Today, Mainone is the backbone of most data communication networks in Nigeria and Ghana. The cable has landing points in Portugal, Ghana and Nigeria and branching units in Morocco, Canary Islands, Senegal and Ivory Coast and Main One signed an agreement with TATA Communications to extend TATA’s Video Connect Network into Nigeria through a strategic partnership.
To put this in perspective, Mainone cable is providing services for other service providers, the type of services provided by BT. Mainone is listed among of companies few in the world that have the submarine fibre optic capabilities, putting them at parity with AMERICAS-11 whose capable runs from the USA to Brasil en route the Carribean.
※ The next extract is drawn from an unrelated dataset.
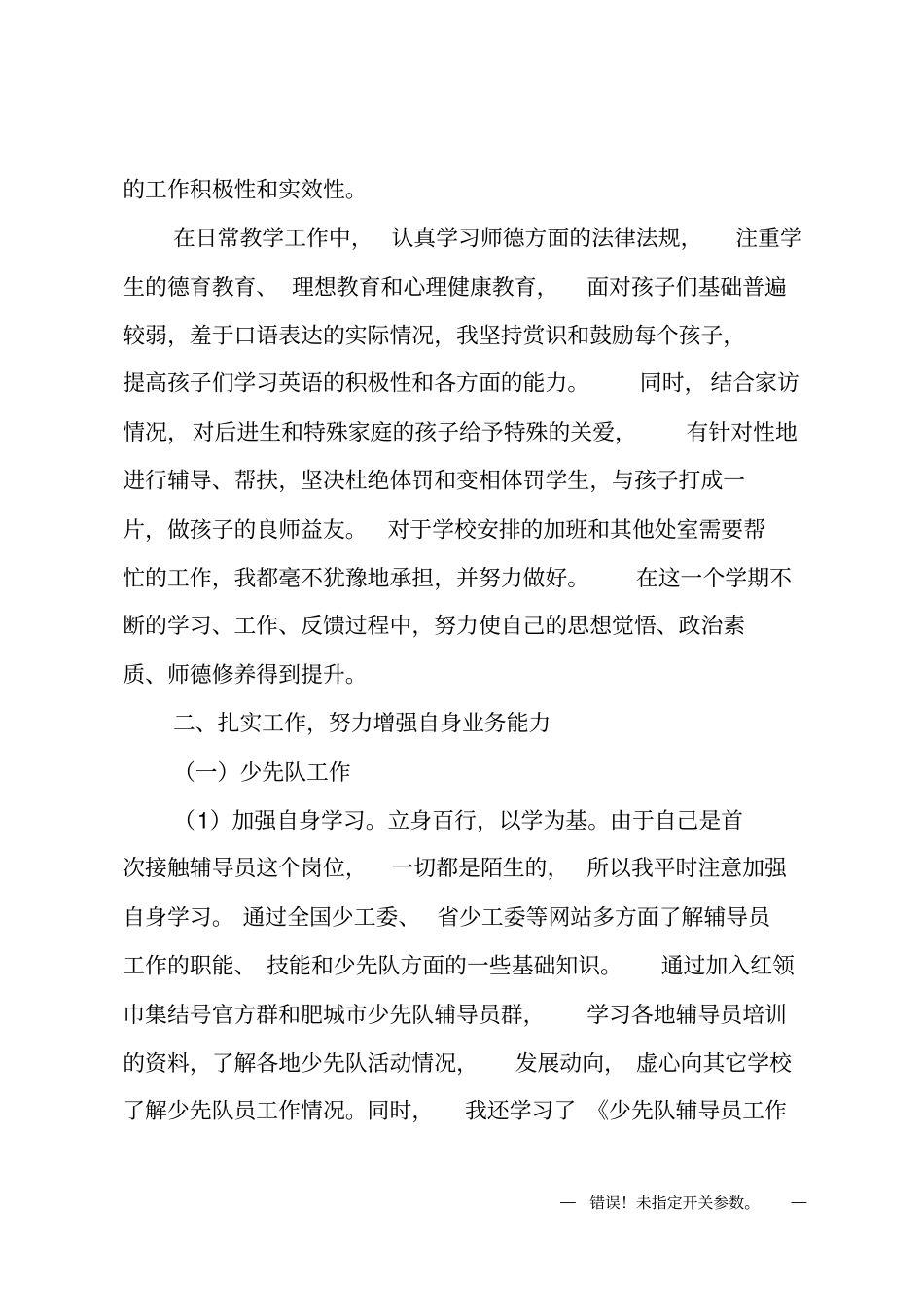 少先队辅导员述职报告_第2页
These achievements have been recognised by awards such as African Information Technology and Telecoms Awards and Telecoms Wholesale Provider of the Year in 2016, and Funke Opeke herself was recognised with All Africa Business Woman of the Year Award, All Africa Business Leaders Awards and Legend of Technology Africa Award all in 2012.
If you use internet services or internet banking in Nigeria today, it is very likely that your provider is relying on the services provided by Mainone cable.
Asked about the personality of Funke Opeke in a profiling documentary by Aljazeera, Ebi Atawodi, the general manager of Uber in Nigeria said something remarkable: He said When Uber organised a pitching opportunity for young entrepreneurs and she asked Opeke to be one of the investors, the Main One CEO postponed a trip abroad to be able to participate.
This remarkable because it is not often you see the combination of humble and success in our clime!
She is the most understated businesswoman you’ll ever meet, says Ighodalo, a lawyer and associates.
If she is an American, she would probably have several million tweeter followers like Elon Musk or Mark Zuckerberg or any other starters that caused a seismic change to the norm but she has 382. It worries me a little that she remain unsung and many young people are growing up missing out on the inspiration they can tap from this woman.